Stored data
═══

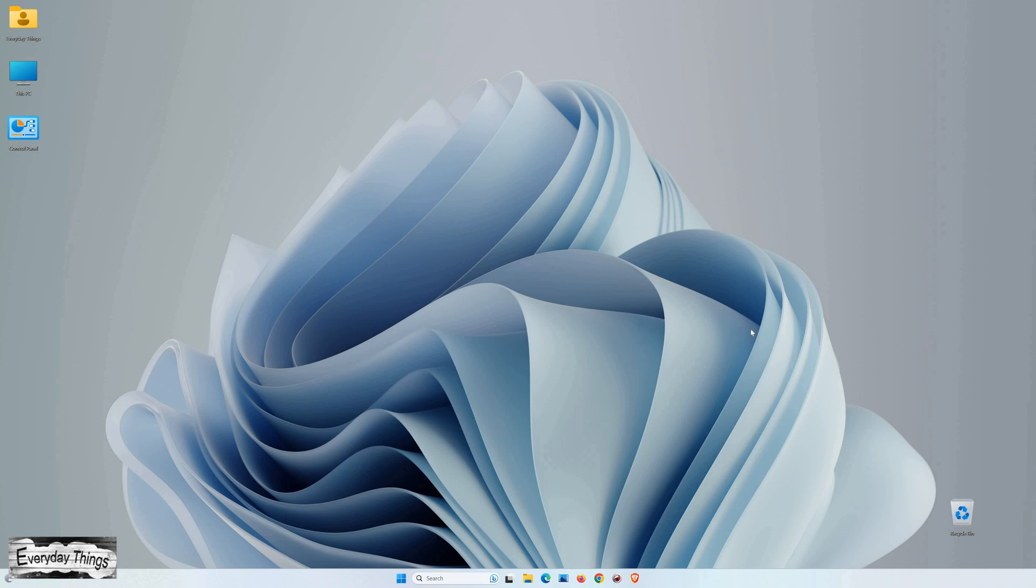Hello and welcome to today's video, where I'm going to show you how to change the region in Windows 11. So, let's get started.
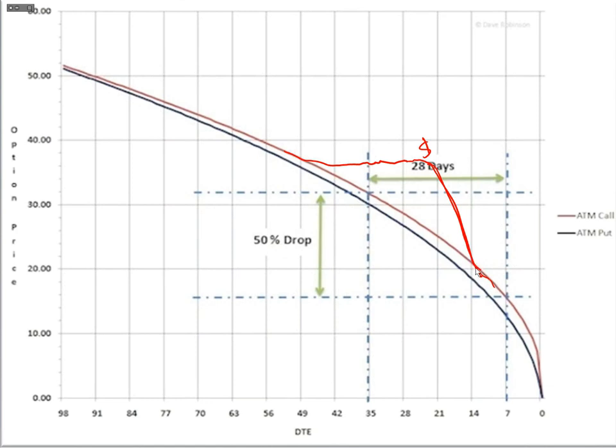Something else that happens: when volatility comes into the market, it increases premiums — the curve kind of moves higher. So when that volatility comes out, like I expect it to from BABA, those premiums really snap back. It's like a balloon — volatility blows it up, and when you let the air out, it snaps. We would be selling premium up here and see those premiums really come out.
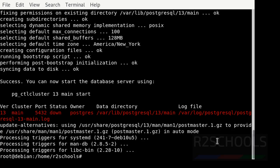See, installation is a success. Now let's verify whether the PostgreSQL Server is started or not.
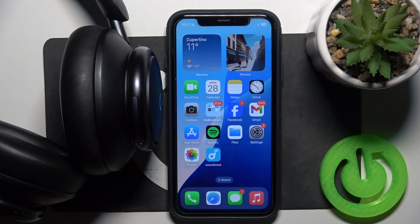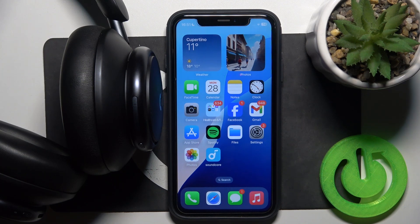Hello everybody and welcome. In this video I will show you how to update the software version for the headphones Soundcore Space Q45.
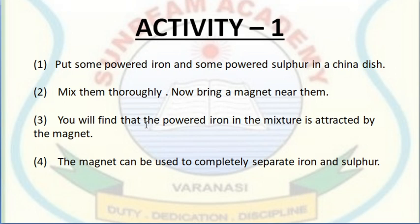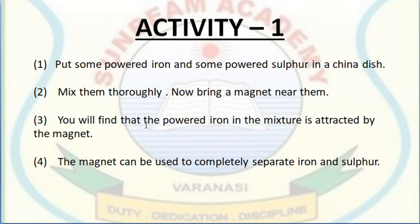Now here in the chapter we have some activities to explain about the mixture and the compound. Activity number one: put some powdered iron and some powdered sulphur in a china dish and mix them thoroughly. Now bring a magnet near them — you will find that the powdered iron in the mixture is attracted by the magnet, and the magnet can be used to completely separate iron and sulphur.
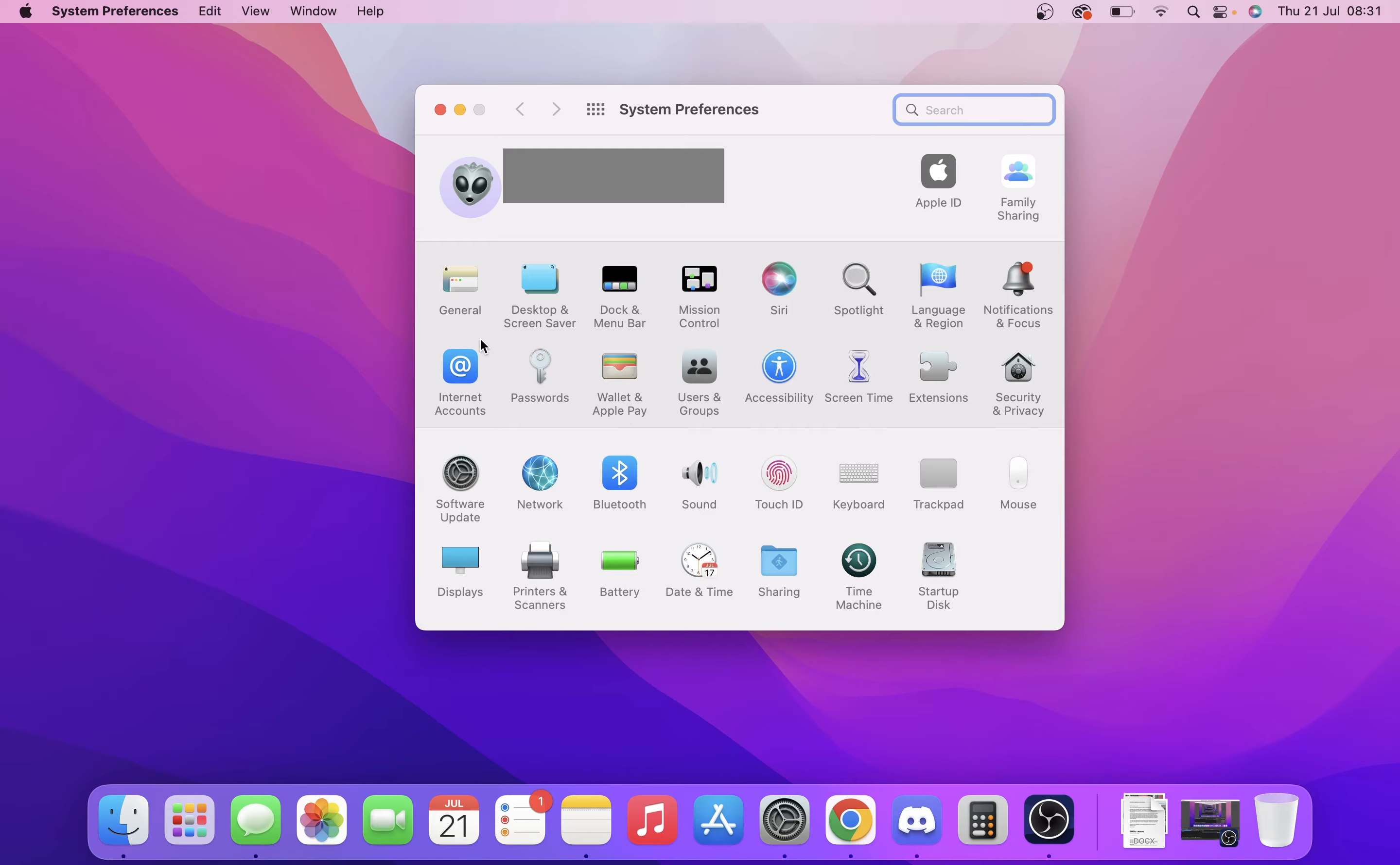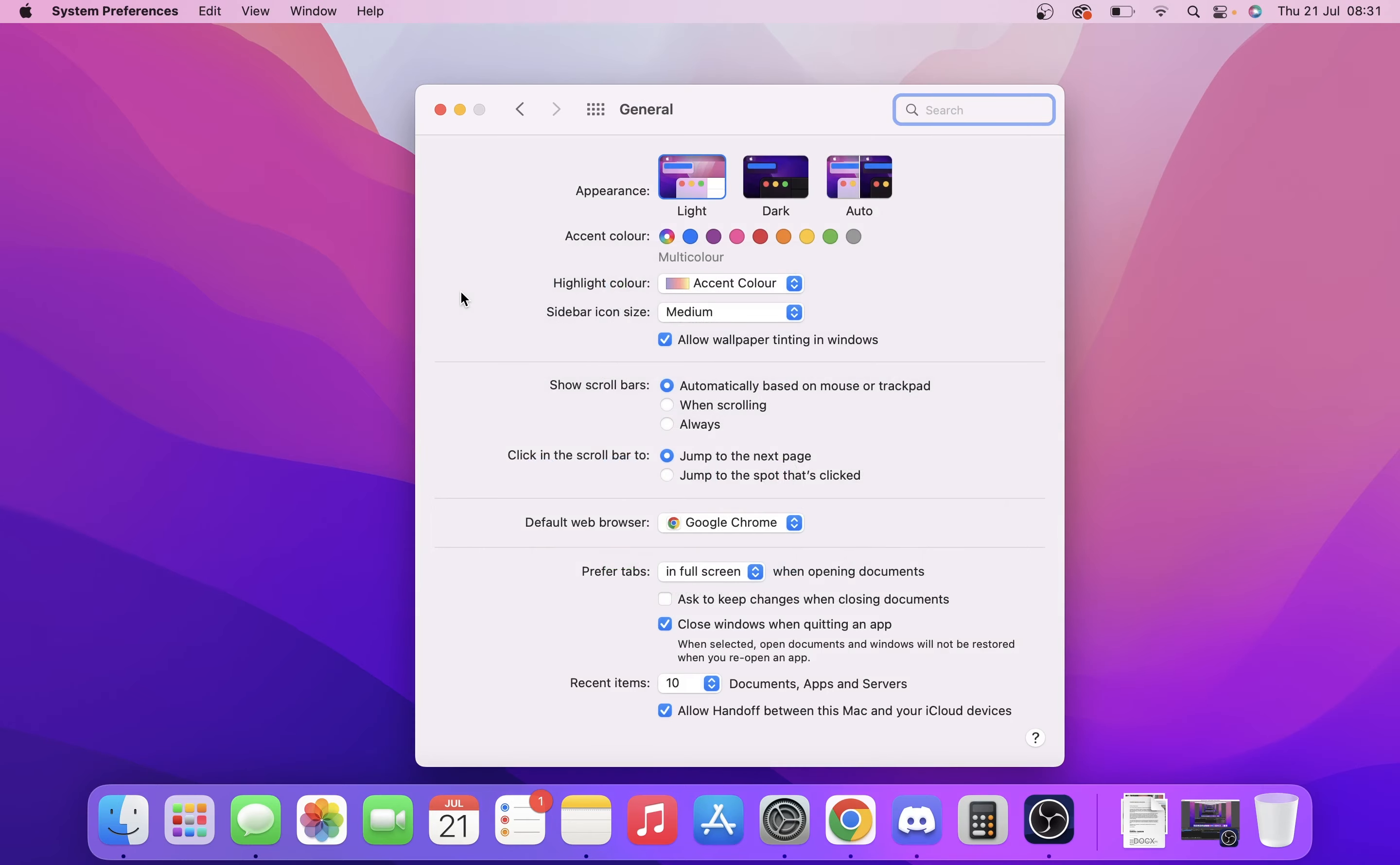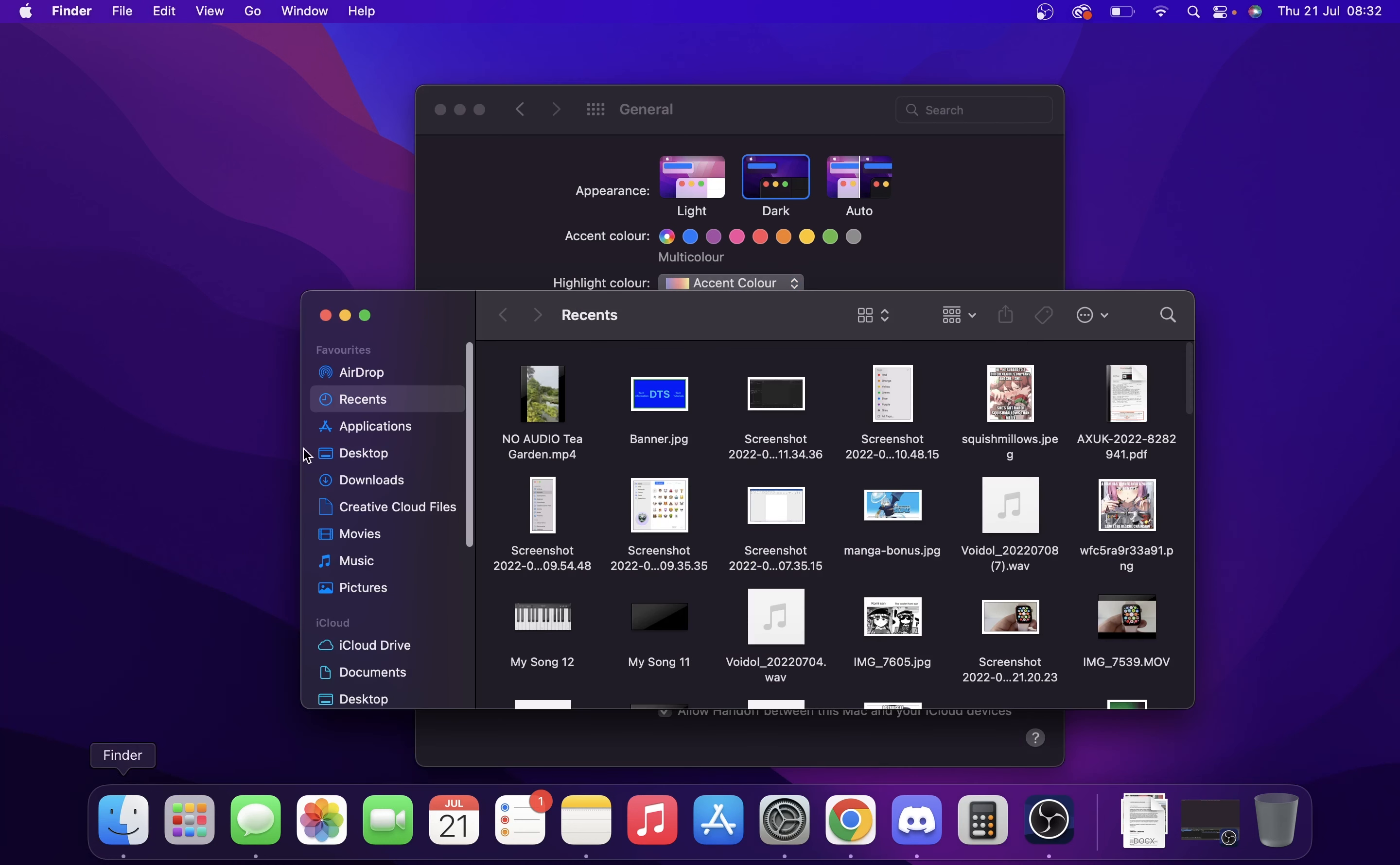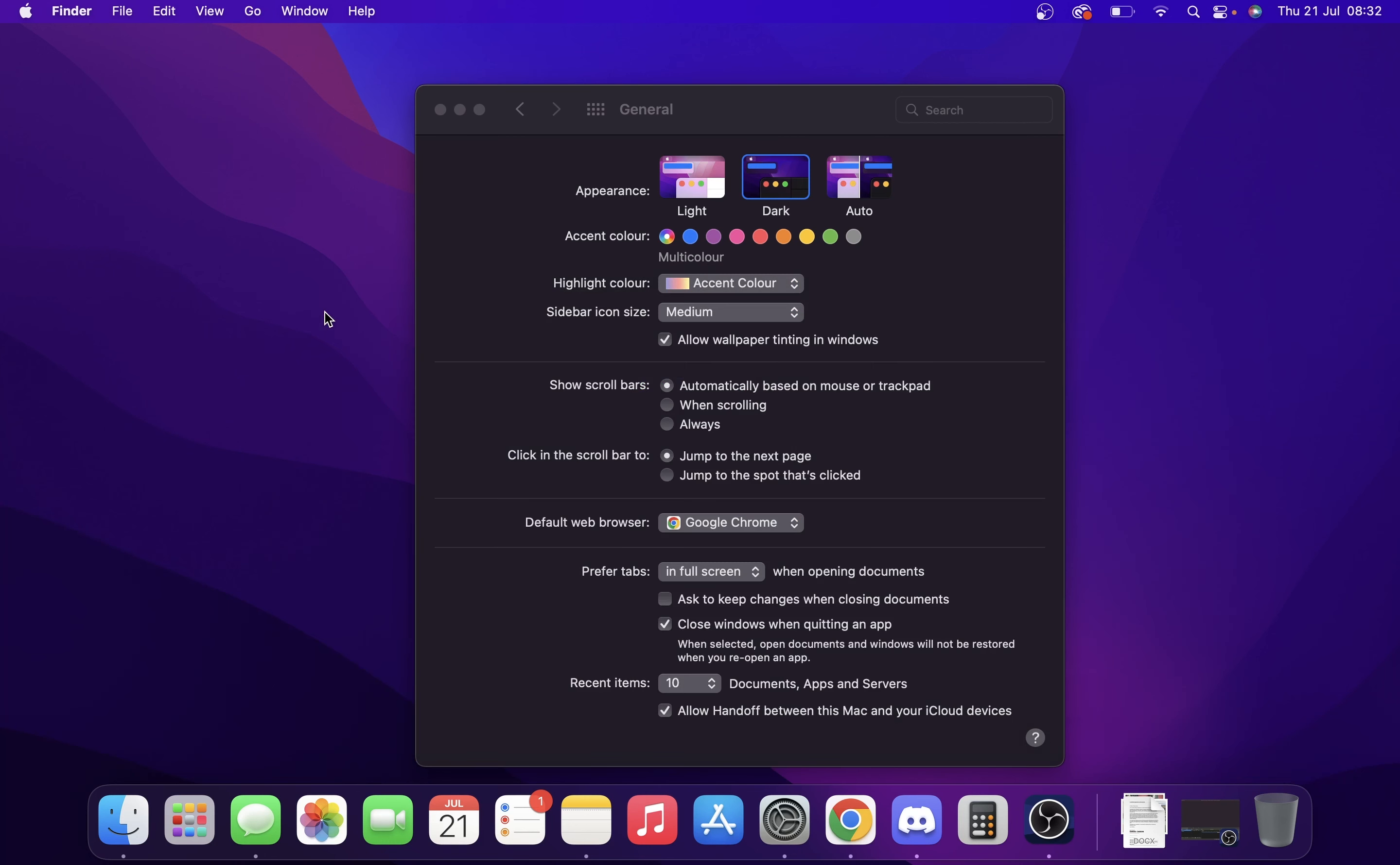Then once we're here, just go to General and it's right at the top for you - appearance, dark. Now as you can see, the window has changed to dark. The top bar and the wallpaper have completely changed to dark. How cool is that? Even all the windows - I just opened up Finder for example, there we go, all dark.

═══

WHAT YOU WILL DO
Your job is to copy each entry exactly as written; the pictures do not go in.

ANSWER TO THE PROBLEM
Hello and welcome to today's video, where I'm going to show you how to change the region in Windows 11. So, let's get started.
Something else that happens: when volatility comes into the market, it increases premiums — the curve kind of moves higher. So when that volatility comes out, like I expect it to from BABA, those premiums really snap back. It's like a balloon — volatility blows it up, and when you let the air out, it snaps. We would be selling premium up here and see those premiums really come out.
See, installation is a success. Now let's verify whether the PostgreSQL Server is started or not.
Hello everybody and welcome. In this video I will show you how to update the software version for the headphones Soundcore Space Q45.
Now here in the chapter we have some activities to explain about the mixture and the compound. Activity number one: put some powdered iron and some powdered sulphur in a china dish and mix them thoroughly. Now bring a magnet near them — you will find that the powdered iron in the mixture is attracted by the magnet, and the magnet can be used to completely separate iron and sulphur.
Then once we're here, just go to General and it's right at the top for you - appearance, dark. Now as you can see, the window has changed to dark. The top bar and the wallpaper have completely changed to dark. How cool is that? Even all the windows - I just opened up Finder for example, there we go, all dark.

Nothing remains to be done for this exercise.